The new movie 42 about Jackie Robinson celebrates his great courage and the contribution that he and Branch Rickey made to American society by integrating the major leagues.  A recent column in the Wall Street Journal observed that Robinson’s religious faith is “often overlooked.”  He was a devout Methodist who prayed daily and who practiced his faith.  When he began to play professional baseball in the Negro Leagues, he “openly scorned his whiskey-drinking and promiscuous teammates, once tossing a glass of scotch into a lighted fireplace to demonstrate how lethal liquor is.  He also stunned his teammates by declaring that he was waiting until he was married to have sex.”[1]

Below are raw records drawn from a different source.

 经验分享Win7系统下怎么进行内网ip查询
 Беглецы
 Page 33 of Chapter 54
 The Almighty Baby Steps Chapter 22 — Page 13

Our young people—and a lot of older ones—face those same temptations regularly:  the culture of drinking, of drugs, of self-centered sex; and the temptations to cheat, to lie, to take advantage of others, to bully others, even to kill when someone gets in our way (such as an unborn child).  It takes the courage of the martyrs, of truly convinced disciples of the Lord Jesus, to resist those kinds of temptations so as to “survive the time of great distress” in which we live—not that our age is any more challenging to Christians than the 1st century or any other age has been.  But this is the time and the distress that we have to deal with.  It takes courage to practice the virtues that Jesus teaches:  fidelity to God above all; obedience; sexual purity; responsibility to our obligations; saying “yes” when we mean yes and “no” when we mean no; humility; kindness; generosity; etc.

The reward for our loyalty to Christ will be more than a white robe and a palm branch, of course.  Those are only symbols.  The reward will be everlasting joy in the family of God.


         [1] Chris Lamb, “Jackie Robinson: Faith in Himself—and in God,” WSJ on-line, April 11, 2013.